Crypto Regulations in Türkiye: Licensing Platforms and Complying with FATF Standards
Crypto News – The Turkish government is on the verge of introducing a significant regulatory framework for the cryptocurrency market. As outlined by Mehmet Şimşek, the Turkish Minister of Treasury and Finance, these forthcoming regulations are designed to provide legal clarity to key concepts within the crypto sphere, establish licensing protocols for trading platforms, and ensure alignment with the standards set by the Financial Action Task Force (FATF).
During an interview with Anadolu Agency on January 10, Şimşek disclosed that the development of this crypto regulatory framework for Türkiye is nearing completion, with current efforts focused on finalizing the technical aspects of its implementation.
The Minister highlighted the Turkish government’s commitment to mitigating the risks associated with cryptocurrency trading for regular investors, aligning these efforts with global best practices. “In our aim to align with international norms and to mitigate the risks for those trading in crypto assets within our nation, we are initiating steps parallel to global practices.
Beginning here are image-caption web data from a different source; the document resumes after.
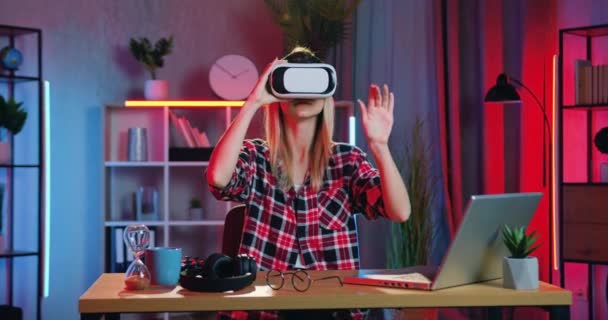 Sympatický jistý chytrý moderní mladá blondýna dívka ve speciálních 3D brýle pracuje na virtuální displej sedí na svém pracovišti doma ve večerních hodinách, zpomalení — Stock video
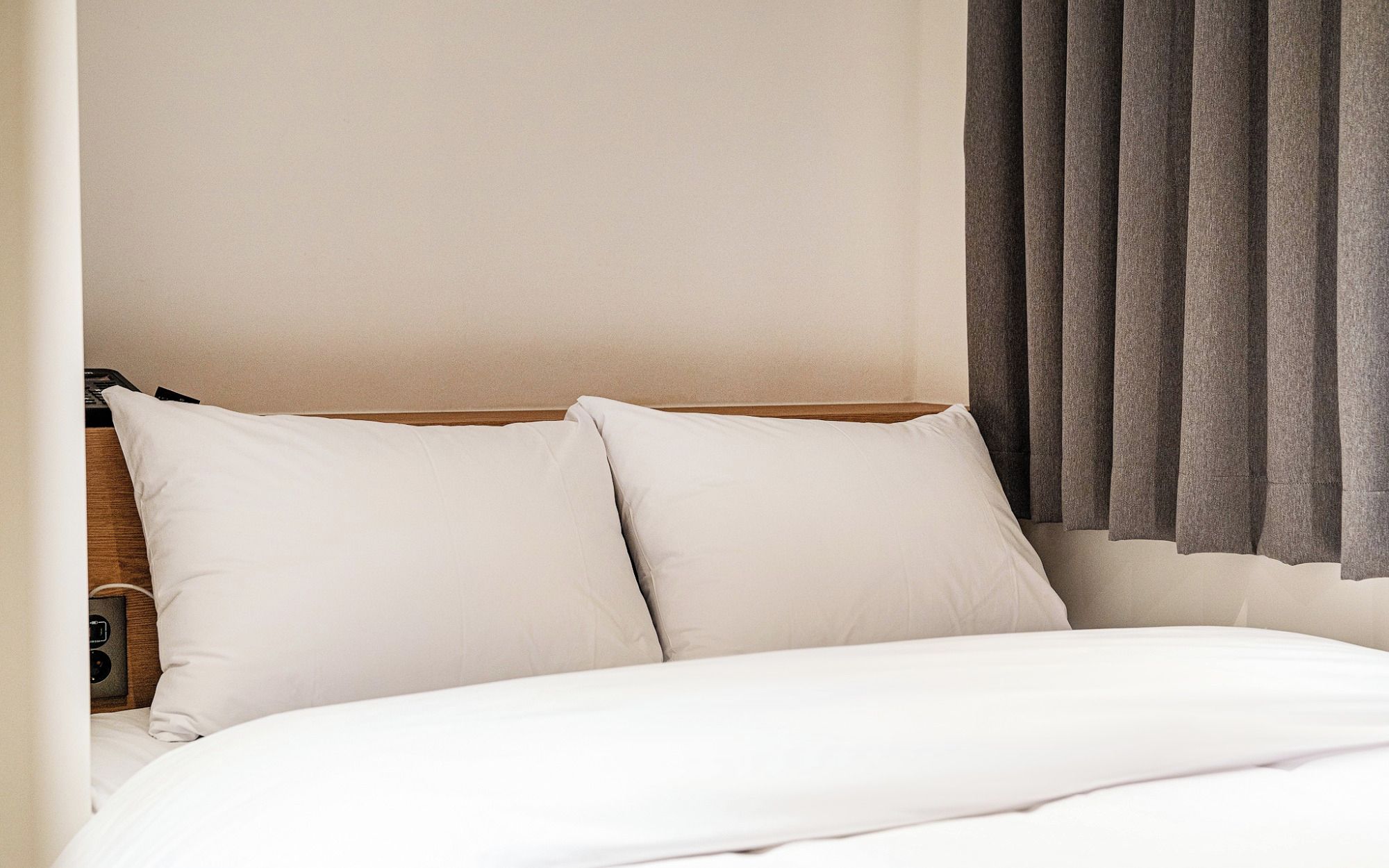 Una habitación de hotel con cama, dos almohadas, cabecero de madera, toma de corriente y ventana con cortinas.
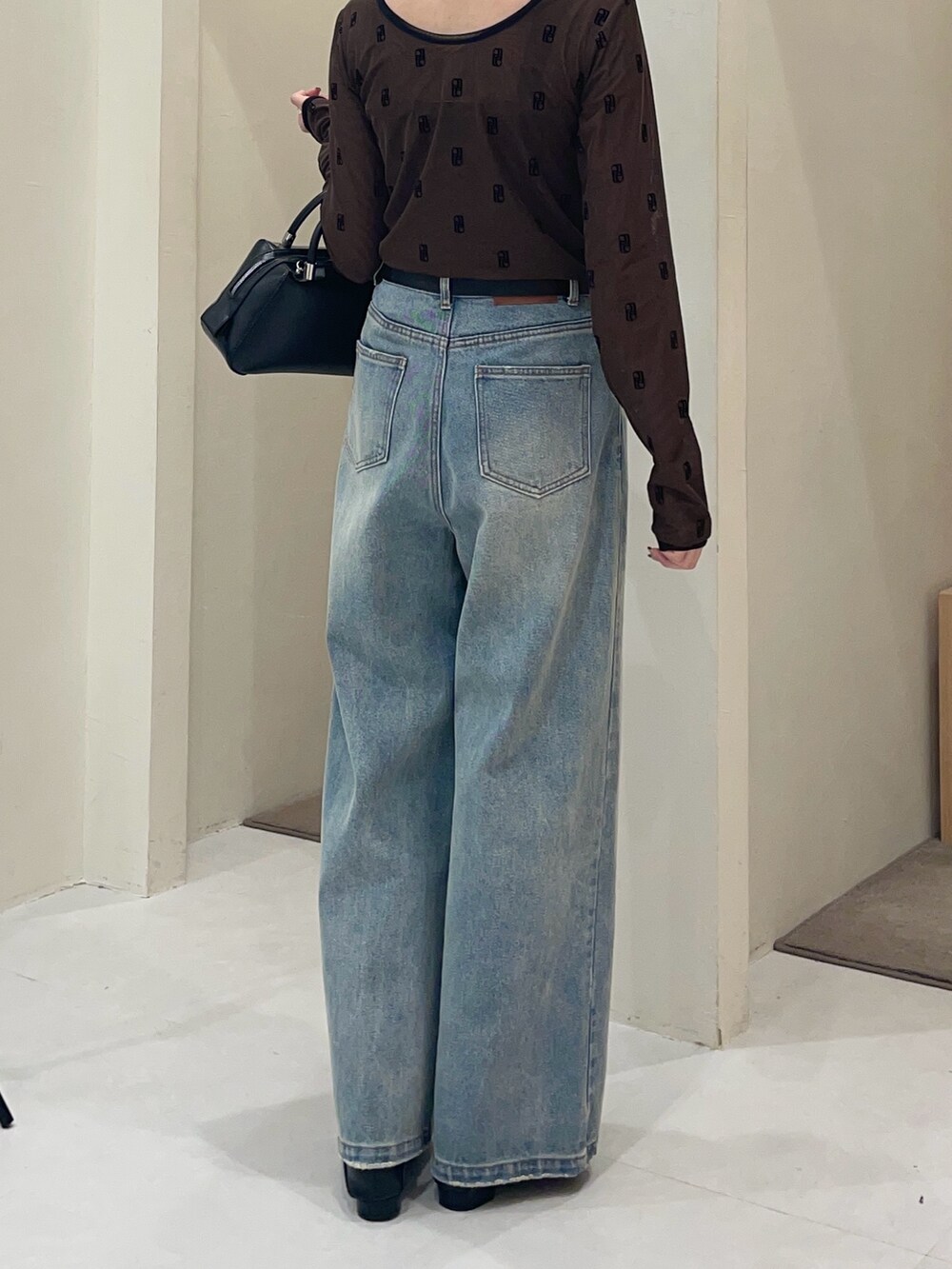 ブラウン系のTシャツ/カットソー、ブラック系のボストンバッグ、ブルー系のデニムパンツを着用したレディースの夏コーディネートの2枚目の写真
This is also a stride towards moving out of FATF‘s grey list,” he stated.
Under the new regulatory measures, crypto platforms will be required to secure licenses from Türkiye’s Capital Markets Board (CMB). Additionally, the guidelines will offer precise legal definitions for various terms in the crypto space, including “crypto assets,” “crypto wallets,” “crypto asset service providers,” “crypto asset custody service,” and “crypto asset buying and selling platforms.” Şimşek provided a glimpse into how crypto assets will be defined, describing them as “intangible assets that are created and stored electronically using distributed ledger technology or similar technologies, shared across digital networks, and capable of representing value or rights.”
Notably, Şimşek mentioned that these regulations will not encompass specific taxation policies for virtual assets.
The Turkish authorities have been deliberating over the regulation of their cryptocurrency market for some time, focusing on licensing and taxation strategies to extricate the country from FATF’s “grey list.” A report from Chainalysis, a blockchain analytics firm, indicates that Türkiye ranked fourth globally in terms of raw cryptocurrency transaction volumes between July 2022 and June 2023. The country recorded approximately $170 billion in transactions, trailing only the United States, India, and the United Kingdom.